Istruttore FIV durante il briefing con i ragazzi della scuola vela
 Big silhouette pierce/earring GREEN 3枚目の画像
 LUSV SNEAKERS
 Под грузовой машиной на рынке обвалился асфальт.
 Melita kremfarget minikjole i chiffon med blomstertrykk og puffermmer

> Exercise instructions
Extract the complete data, matching each line exactly.

> Output
Istruttore FIV durante il briefing con i ragazzi della scuola vela
 Big silhouette pierce/earring GREEN 3枚目の画像
 LUSV SNEAKERS
 Под грузовой машиной на рынке обвалился асфальт.
 Melita kremfarget minikjole i chiffon med blomstertrykk og puffermmer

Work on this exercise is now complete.